Im wirklichen Leben bestach Kretzschmar in seinem 75. Länderspiel durch das, was eine solide Abwehrleistung genannt wird. Mit geschickten Pässen setzte er Mitspieler wie Bogdan Wenta (35) in Szene, den jeder ins Herz schließen muß, der ein Faible für flüssige Eleganz im Handball hat.

Lag es vielleicht am vielzitierten „Von Heiner zu Stefan“-Gespräch, daß sich der gepiercte Twen spektakuläre Alleingänge verkniff? Brand jedenfalls gab bekannt, daß er Kretzschmar erst nominiert habe, nachdem er den unter anderem von einem dreifachen Jochbeinbruch Genesenen in einem Vieraugengespräch über „meine Ziele mit der Nationalmannschaft“ aufgeklärt habe.

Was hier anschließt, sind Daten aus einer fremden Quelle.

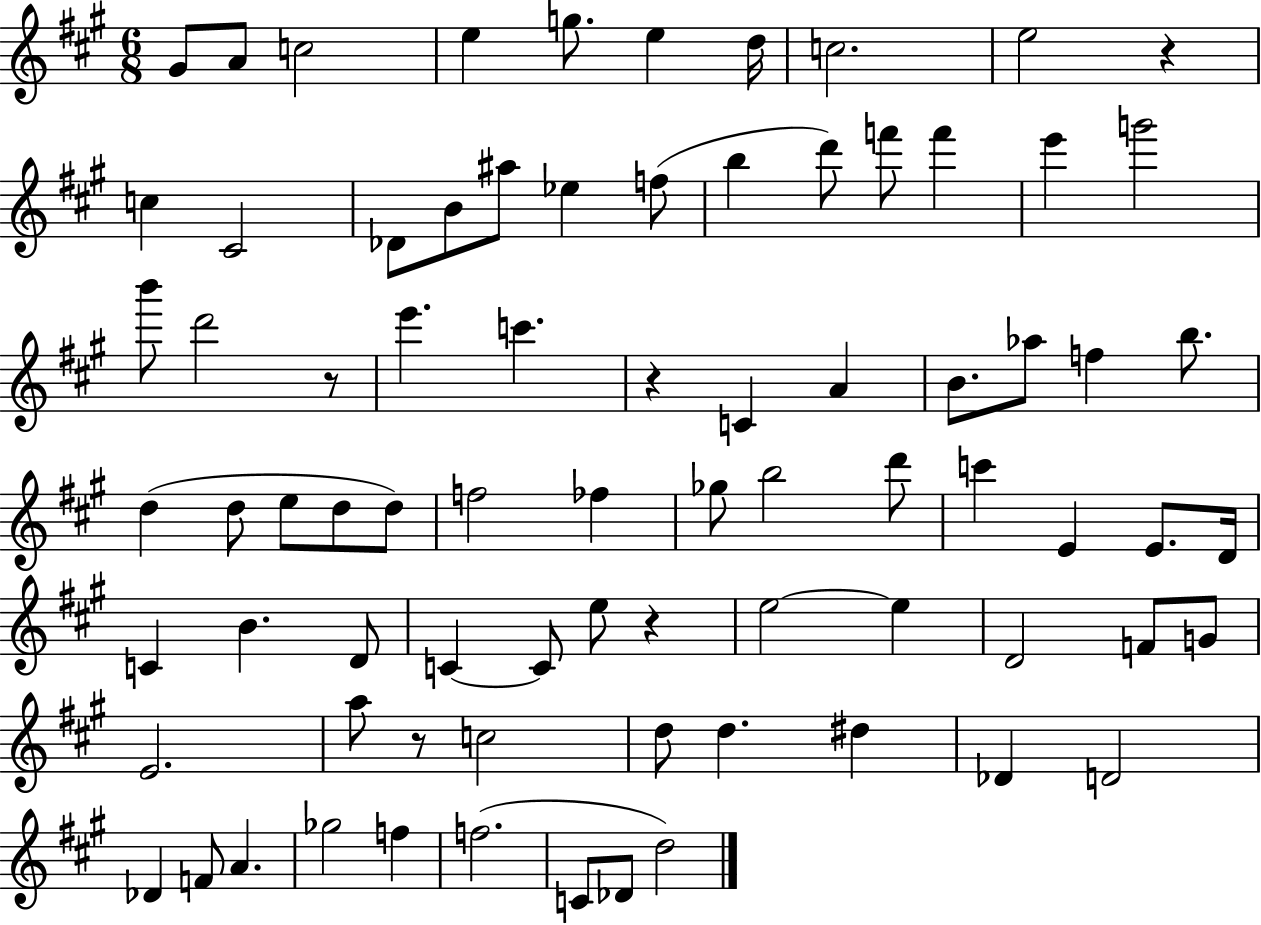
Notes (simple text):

G#4/e A4/e C5/h E5/q G5/e. E5/q D5/s C5/h. E5/h R/q C5/q C#4/h Db4/e B4/e A#5/e Eb5/q F5/e B5/q D6/e F6/e F6/q E6/q G6/h B6/e D6/h R/e E6/q. C6/q. R/q C4/q A4/q B4/e. Ab5/e F5/q B5/e. D5/q D5/e E5/e D5/e D5/e F5/h FES5/q Gb5/e B5/h D6/e C6/q E4/q E4/e. D4/s C4/q B4/q. D4/e C4/q C4/e E5/e R/q E5/h E5/q D4/h F4/e G4/e E4/h. A5/e R/e C5/h D5/e D5/q. D#5/q Db4/q D4/h Db4/q F4/e A4/q. Gb5/h F5/q F5/h. C4/e Db4/e D5/h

Über die taktischen Anweisungen des Coaches, der von Vlado Stenzel einst für „den besten Abwehrspieler der Welt“ gehalten wurde, muß nicht gerätselt werden. „Die Abwehr stark machen, Erfolge über Tempogegenstöße suchen und im Angriff konsequent unser Konzept durchhalten“, umreißt der Gummersbacher seine wenig glamouröse Strategie. Die Anhängerschaft war auch mit nur zwei Toren im 60minütigen Kretzschmar-Einsatz zufrieden. Jugendliche Autogrammjäger („Darf ich Ihr Schweißband haben?“) scharten sich um den Spieler mit den orangeblonden Haaren, und im Pressezentrum wurde der hochzufriedene Brand (45) von euphorisierten Fachleuten gefragt, ob er „schon jemals eine so gute Handball-Nationalmannschaft gesehen habe“.

Was sollte er antworten? Der Mann hat bekanntlich einst einen wirklich bedeutenden Sieg errungen – er wurde 1978 Weltmeister. Nun muß er Ende November eins von zwei Spielen gegen den Gruppenzweiten Slowakei (4:2 Punkte) gewinnen, um das Schlimmste zu verhindern.